Parenting Styles
There are many variations and similarities in how parents raise their children. The similarities have been grouped together by Diana Baumrind, clinical and developmental psychologist, into four common parenting styles.
1) Authoritarian Parenting
The authoritarian parent is generally thought of as a disciplinary. They avoid negotiation and use strict discipline with punishment. When an authoritarian parent comes up with a rule, it is not usually explained, but expected to be followed. Expectations tend to be high and this style is less nurturing.
2) Permissive Parenting
Permissive parenting is also known as indulgent parenting, meaning children are generally allowed to do what they want, with little guidance or direction. This type of parenting usually looks more like a friendship than a parent-child relationship. With limited rules, children are generally expected to figure things out on their own. Communication tends to be open, but children will decide things for themselves. Permissive parents are usually warm and nurturing, with minimal expectations.
3) Uninvolved Parenting
An uninvolved parent will stay out of their children’s way and give them freedom. This could either be a conscious decision or a result of being less interested in parenting. There is generally no particular discipline style and the child gets to do what they want. Communication is usually limited, with little nurturing. In this parenting category, there are also few or no expectations of children.

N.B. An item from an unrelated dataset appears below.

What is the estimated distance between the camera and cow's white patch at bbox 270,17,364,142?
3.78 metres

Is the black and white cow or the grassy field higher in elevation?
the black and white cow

4) Authoritative Parenting
Authoritative parents are generally reasonable and nurturing, while setting clear expectations. Children raised with this type of parenting usually demonstrate the ability to think for themselves. This style is thought to be the most beneficial. Communication is usually frequent and appropriate, the parenting style is nurturing, and expectations and goals are stated clearly, with children’s input.
What is your parenting style?
It is rare that a parent fits neatly into any one single parenting style, but usually a combination. Reflecting on where you fit within the spectrum can be helpful in your relationship with your child.